# Fotokunst im Stoffwerk - Freie Ausstellung für neue und alte Talente



## stoffwerk (26. September 2005)

Hallo alle miteinander,

ich wollte allen Fotobegeisterten folgendes anbieten:

Im Stoffwerk findet eine Fotogalerie statt.
Hier kann jeder seine Werke vorstellen!

Für euch, bis auf die Erstellungskosten, völlig kostenlos UND das ganze wird dann von einer Jury (bestehend aus: Aktivkreis Textil, Helmbrechtser Textilforum, Fotografen, Designern und Künstlern) prämiert mit kleinen Geldpreisen und Pokalen.

Anmeldeschluss ist der *05. Oktober 2005*.
Eure Werke sollten bis zum 22. Oktober bei uns aufgebaut sein.
Am 23. Oktober findet die Ausstellung statt.
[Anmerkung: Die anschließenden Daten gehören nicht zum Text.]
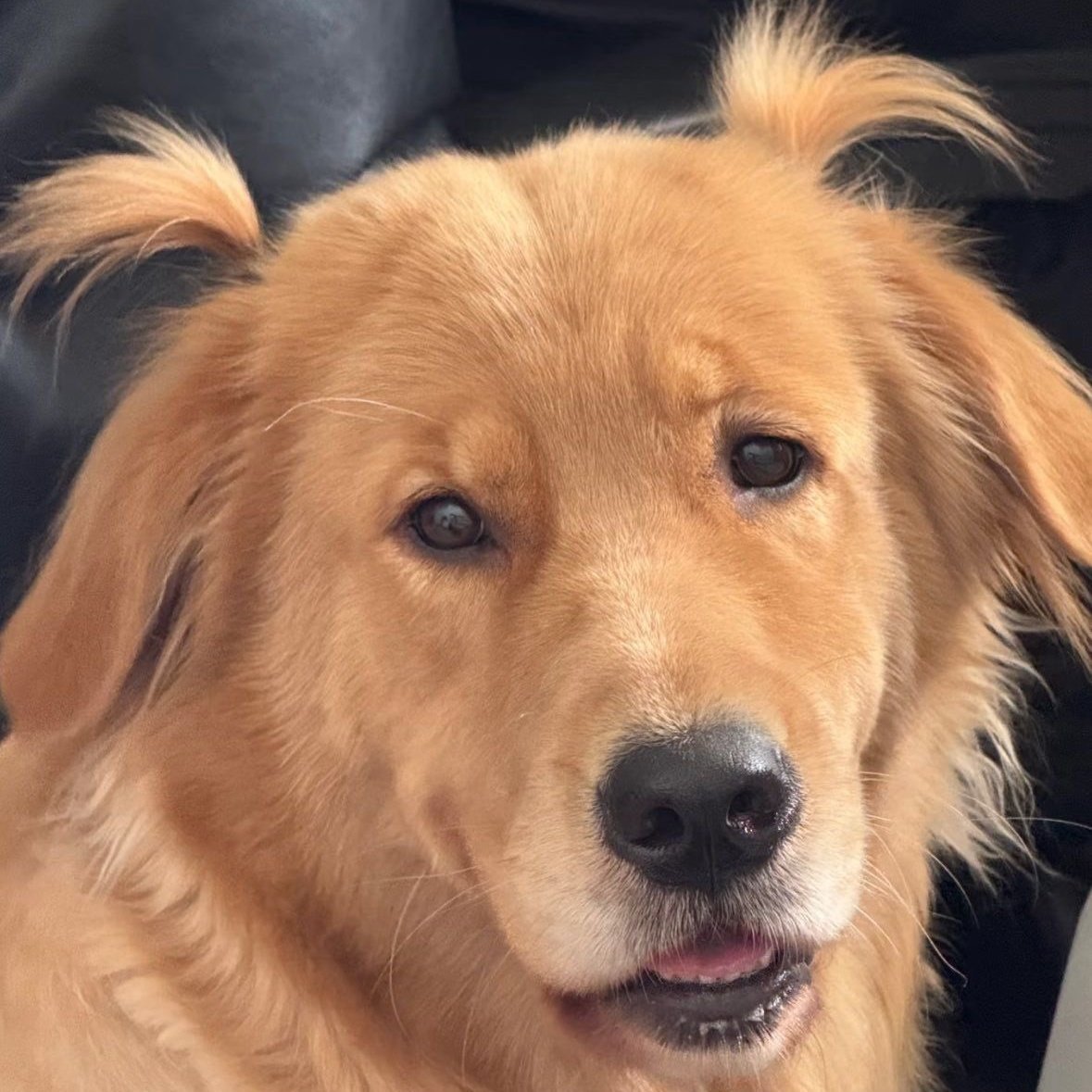 โรโรโนอา ง่ำง่ำ tweet media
Bei uns ist derzeit auch Kirchweih und die Ausstellung wird somit gut besucht werden.

Motto / Thema?
Textil in allen Variationen

Regeln / Bedinungen?
- Das Foto sollte Präsentationsfertig sein (Bilderrahmen / Haken / Stehfest - kann frei im Raum stehen, an der Wand lehnen oder gehängt werden)
- Das Foto sollte etwas mit Textil zu tun haben
- Altersbeschränkungen gibt es keine
- keine Gewalt oder nicht-jugendfreies
- Das Bild muss von Anfang bis Ende ausgestellt werden

Was darf man alles?
Grundsätzlich so gut wie alles..:
- mehrere Werke einreichen
- in Gruppen arbeiten
- Stoff auftackern, 3-dimensional, übermalt, Kollagen etc.
usw. bei Fragen einfach anschreiben: info@stoffwerk.de

Welche Möglichkeiten bieten sich noch?
- Wer Preise zu seinen Bildern angibt, kann diese bei Interesse auch verkaufen


Welche Hilfe bekommen die Künstler?
- Das Stoffwerk steht auch als "Model" zur Verfügung
- kostenfreie Stoffreste zur Verarbeitung
- kostenfreie nahezu unbegrenzte Ausstellungsfläche

genaueres gibts per Anfrage via eMail bzw. baldmöglichst unter http://www.stoffwerk.de.


Näheres zum Stoffwerk:
Das Stoffwerk ist ein Fabrikverkauf, entstanden aus dem Verkauf von Stoffen ab Werk, JETZT für Damen-, Herren- und Kinderbekleidung, Bademode, Accessoires und hochwertige Stoffe. Mitlerweile nutzen über 50 Hersteller unseren Fabrikverkauf als "eigenen" Fabrikverkauf Ihrer Artikel. Wir haben also alles rund um Textil.

Wichtiger Punkt noch:
Wo findet das ganze von statten?
in Helmbrechts, 3 min von der Autobahnausfahrn Münchberg/Helmbrechts entfernt.

Adresse:
Stoffwerk
Mode in der Farbik
Gustav-Weiss-Str. 2
95233 Helmbrechts


Ich wünsche allen die Teilnehmen viel Spaß und Erfolg!

LG
D. Hedler
Stoffwerk


----------



## stoffwerk (28. September 2005)

so, jetzt stehen die Info's auf der Page:


http://www.stoffwerk.de ->  Fotokunst


----------



## noopen (4. Oktober 2005)

laut Web ist der Anmeldeschluss jetzt der 09. Oktober 2005.


----------